Public Endpoint Access Gateway

If the network into which you are deploying your Cloudera environment does not have pre-established connectivity with your corporate network, enabling the Public Endpoint Access Gateway can reduce the complexity users face when interacting with the Cloudera endpoints.

The recommended way to deploy production-ready Cloudera environments is to deploy them on private networks, but this additional security makes it difficult for users to access UIs and APIs without configuring complex network connectivity between users and internal cloud provider networks. The Public Endpoint Access Gateway provides secure connectivity to UIs and APIs in Data Lake and Cloudera Data Hub clusters deployed using private networking, allowing users to access these resources without complex changes to their networking or creating direct connections to cloud provider networks.

You can enable the Public Endpoint Access Gateway when registering your AWS, Azure, or GCP environment in Cloudera.
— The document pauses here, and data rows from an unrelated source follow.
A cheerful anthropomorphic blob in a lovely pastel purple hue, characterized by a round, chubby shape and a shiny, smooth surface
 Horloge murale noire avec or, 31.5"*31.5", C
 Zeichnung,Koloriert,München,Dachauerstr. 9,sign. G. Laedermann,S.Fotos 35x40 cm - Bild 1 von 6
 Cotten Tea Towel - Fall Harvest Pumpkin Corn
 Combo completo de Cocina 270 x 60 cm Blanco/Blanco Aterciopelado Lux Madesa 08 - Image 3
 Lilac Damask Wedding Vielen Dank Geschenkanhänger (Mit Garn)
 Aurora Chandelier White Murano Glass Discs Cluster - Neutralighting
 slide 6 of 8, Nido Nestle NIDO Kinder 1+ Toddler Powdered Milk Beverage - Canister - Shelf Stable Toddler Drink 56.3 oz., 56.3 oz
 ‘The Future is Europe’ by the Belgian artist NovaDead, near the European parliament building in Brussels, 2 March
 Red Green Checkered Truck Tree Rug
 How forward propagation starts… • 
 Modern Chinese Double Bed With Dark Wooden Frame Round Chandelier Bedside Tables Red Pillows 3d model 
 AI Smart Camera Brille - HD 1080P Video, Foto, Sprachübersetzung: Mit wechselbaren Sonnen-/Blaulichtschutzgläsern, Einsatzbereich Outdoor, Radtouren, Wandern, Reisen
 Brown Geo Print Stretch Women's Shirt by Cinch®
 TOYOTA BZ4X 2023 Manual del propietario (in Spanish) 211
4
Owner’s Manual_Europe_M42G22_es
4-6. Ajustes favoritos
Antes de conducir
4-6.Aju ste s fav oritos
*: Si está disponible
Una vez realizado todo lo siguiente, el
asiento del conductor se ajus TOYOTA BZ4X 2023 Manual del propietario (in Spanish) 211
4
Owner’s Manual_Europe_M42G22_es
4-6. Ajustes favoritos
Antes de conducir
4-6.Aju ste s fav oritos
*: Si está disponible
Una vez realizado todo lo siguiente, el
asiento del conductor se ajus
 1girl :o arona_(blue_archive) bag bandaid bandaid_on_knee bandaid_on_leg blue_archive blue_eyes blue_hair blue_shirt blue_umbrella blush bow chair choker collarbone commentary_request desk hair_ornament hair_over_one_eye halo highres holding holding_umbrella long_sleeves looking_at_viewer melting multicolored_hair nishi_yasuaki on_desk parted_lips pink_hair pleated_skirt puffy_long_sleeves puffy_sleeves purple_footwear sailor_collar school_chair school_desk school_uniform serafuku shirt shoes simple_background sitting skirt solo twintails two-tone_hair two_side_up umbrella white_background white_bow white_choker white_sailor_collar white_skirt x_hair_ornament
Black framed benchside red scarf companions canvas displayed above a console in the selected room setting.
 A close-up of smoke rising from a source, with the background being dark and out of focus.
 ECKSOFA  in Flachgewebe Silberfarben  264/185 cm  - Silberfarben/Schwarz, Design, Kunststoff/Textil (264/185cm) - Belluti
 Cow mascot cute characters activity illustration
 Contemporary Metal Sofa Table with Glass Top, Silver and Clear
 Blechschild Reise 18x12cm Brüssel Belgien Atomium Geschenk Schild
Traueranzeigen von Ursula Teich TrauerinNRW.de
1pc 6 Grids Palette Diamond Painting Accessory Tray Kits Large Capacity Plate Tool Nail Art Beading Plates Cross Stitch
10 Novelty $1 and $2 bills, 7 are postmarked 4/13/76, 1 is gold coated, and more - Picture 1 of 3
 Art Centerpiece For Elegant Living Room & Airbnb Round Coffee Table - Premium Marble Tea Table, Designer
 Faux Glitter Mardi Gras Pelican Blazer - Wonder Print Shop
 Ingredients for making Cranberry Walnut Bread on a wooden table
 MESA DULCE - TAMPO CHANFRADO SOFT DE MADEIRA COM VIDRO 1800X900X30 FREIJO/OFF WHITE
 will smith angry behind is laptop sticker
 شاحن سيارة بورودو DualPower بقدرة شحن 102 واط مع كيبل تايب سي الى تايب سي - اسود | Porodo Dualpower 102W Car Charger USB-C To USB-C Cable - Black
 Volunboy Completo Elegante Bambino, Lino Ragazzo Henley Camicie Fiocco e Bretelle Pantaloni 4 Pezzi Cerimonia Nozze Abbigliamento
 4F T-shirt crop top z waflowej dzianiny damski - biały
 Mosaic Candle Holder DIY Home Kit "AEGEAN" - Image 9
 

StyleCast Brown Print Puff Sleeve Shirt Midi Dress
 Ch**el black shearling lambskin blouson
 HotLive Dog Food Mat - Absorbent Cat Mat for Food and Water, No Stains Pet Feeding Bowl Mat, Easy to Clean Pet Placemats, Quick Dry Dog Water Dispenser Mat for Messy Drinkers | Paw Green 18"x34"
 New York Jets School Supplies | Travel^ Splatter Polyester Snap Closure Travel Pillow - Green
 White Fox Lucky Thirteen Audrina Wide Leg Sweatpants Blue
The gateway interfaces the Knox service, which is automatically integrated with your identity provider configured in Cloudera, allowing you to authenticate using your SSO credentials without any additional configuration. All communication with the gateway is over TLS, so connections are secure. You can control the IP ranges from where connections to the gateway can be established by configuring your security groups.

The following diagram illustrates this setup:

Enable Public Endpoint Access Gateway for AWS

You can enable Public Endpoint Access Gateway during AWS environment registration.

Once activated, the gateway will be used for the Data Lake and all the Cloudera Data Hub clusters within the environment. There is no way to activate it on a per Data Lake or per Cloudera Data Hub cluster level. Once it is enabled for an environment, there is no way to deactivate it. The gateway can be used either with an existing VPC or with a new VPC created by Cloudera.

Prerequisites

If you choose to enable Public Endpoint Access Gateway, Cloudera will create two AWS network load balancers (AWS NLB) per cluster (that is for each Data Lake and Cloudera Data Hub cluster). Make sure that your AWS NLB limits allow for the load balancer creation.
You should have at least 2 public subnets in the VPC that you would like to use for Cloudera. The availability zones of the public and private subnets must match.

Steps

CDP UI
CDP CLI

When registering your AWS environment, make sure to do the following:

On the Region, Networking, and Security page, under Network, select your existing VPC.
Select at least two existing private subnets (or at least three subnets if you would like to provision Cloudera Data Warehouse instances).
Click on Enable Public Endpoint Access Gateway to enable it. This enables UIs and APIs of the Data Lake and Cloudera Data Hub clusters to be accessible over the internet.
Under Select Endpoint Access Gateway Subnets, select the public subnets for which you would like to use the gateway. The availability zones of the public subnets must be the same as the availability zones of the private subnets selected under Select Subnets.
Under Security Access Settings, make sure to restrict access to only be accepted from sources coming from your external network range.
note
The security access settings do not apply to the network load balancer used by the Public Endpoint Access Gateway, but they apply to the instances that are running in private subnets and to which the Public Endpoint Access Gateway routes traffic. Therefore the security access settings should allow the users’ public IP ranges to be able to connect through the public load balancer.
Finish registering your environment.

During environment registration via CDP CLI, you can optionally enable public endpoint access gateway using the following CLI parameters:

--endpoint-access-gateway-scheme PUBLIC 
--endpoint-access-gateway-subnet-ids subnet-0232c7711cd864c7b subnet-05d4769d88d875cda

The first parameter enables the gateway and the second one allows you to specify public subnets. The availability zones of the public subnets must be the same as the availability zones of the private subnets specified under --subnet-ids. For example:

cdp environments create-aws-environment \
--environment-name gk1dev \
--credential-name gk1cred \
--region "us-west-2" \
--security-access cidr=0.0.0.0/0 \
--authentication publicKeyId="gk1" \
--log-storage storageLocationBase=s3a://gk1priv-cdp-bucket,instanceProfile=arn:aws:iam::152813717728:instance-profile/mock-idbroker-admin-role \
--vpc-id vpc-037c6d94f30017c24 \
--subnet-ids subnet-0232c7711cd864c7b subnet-05d4769d88d875cda \
--endpoint-access-gateway-scheme PUBLIC \
--endpoint-access-gateway-subnet-ids subnet-0232c7711cd864c7b subnet-05d4769d88d875cda \
--free-ipa instanceCountByGroup=1 \

Equivalent CLI JSON for an environment request looks like this:

"endpointAccessGatewayScheme": "PUBLIC",
"endpointAccessGatewaySubnetIds": 
       ["subnet-0232c7711cd864c7b", 
       "subnet-05d4769d88d875cda"],

Enable Public Endpoint Access Gateway for Azure

You can enable Public Endpoint Access Gateway during Azure environment registration.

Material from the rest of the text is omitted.